China's trade surplus narrowed in November as exports rose at the slowest pace in more than three years, the Beijing-based commerce ministry said last week. The smaller surplus is unlikely to ease U.S. pressure on China to allow its currency to appreciate, economists said.
U.S. exports increased in October on more shipments of aircraft. Boeing, the second-biggest commercial aircraft maker, said shipments to foreign customers jumped to 13 in October from 2 in September. The Chicago-based company reached an agreement in late September with its striking machinists union.
Huntsman Corp., the fourth-biggest U.S. chemical maker, said on Oct. 10 that it resumed production at plants in Louisiana and Texas that had been closed before Hurricane Rita. Chemical exports increased in October, today's data showed.
The outlook for all exports is improving as economies abroad gain momentum, economists said. Japan's Nikkei 225 Stock Average surged to its highest in more than five years this week as companies such as Matsushita Electric Industrial Co. and Toyota Motor Co. unveil expansion plans to meet rising demand at home and overseas.

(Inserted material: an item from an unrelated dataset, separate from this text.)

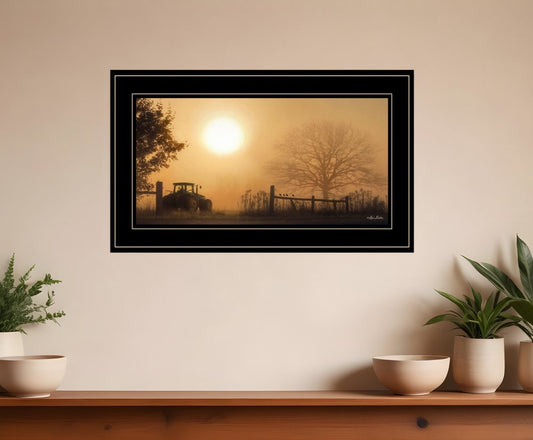 Start Your Engines 3 Black Framed Print Wall Art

Investor confidence in Germany, Europe's biggest economy, rose the most in more than 12 years amid signs export-led growth is encouraging companies to invest more at home.
General Electric Co., the world's biggest maker of turbines for power plants, won a contract to supply Nigeria with 18 turbines, equipment and services for five electricity-generating plants. The turbines will be made at GE Energy's plant in Greenville, South Carolina, and be delivered from June to September 2006.
The U.S. trade deficit averaged $61 billion in the third quarter and subtracted 0.25 percentage point from gross domestic product. Adjusted for inflation, the U.S. deficit widened to $60.6 billion in October from $58.9 billion, today's figures showed.
Because the U.S. imports about 50 percent more goods and services than it sells abroad, exports have to grow about twice as fast just to stabilize the trade deficit, economists said.
The U.S. economy will probably expand 3.5 percent this year, compared with 2 percent for Japan and 1.3 percent for the countries that use the euro as their currency, according to last month's Blue Chip Economic Indicators median forecast.
By region, the Commerce Department reported that the trade deficit with Japan widened to $7.4 billion from $6.4 billion. The deficit with the Organization of Petroleum Exporting Countries grew to a record $9.4 billion.
Elsewhere, the deficit with Canada, the largest U.S. trading partner, widened to $8.1 billion. The gap with Mexico increased to $4.8 billion. The deficit with the European Union widened to a record $12.1 billion from $10.1 billion.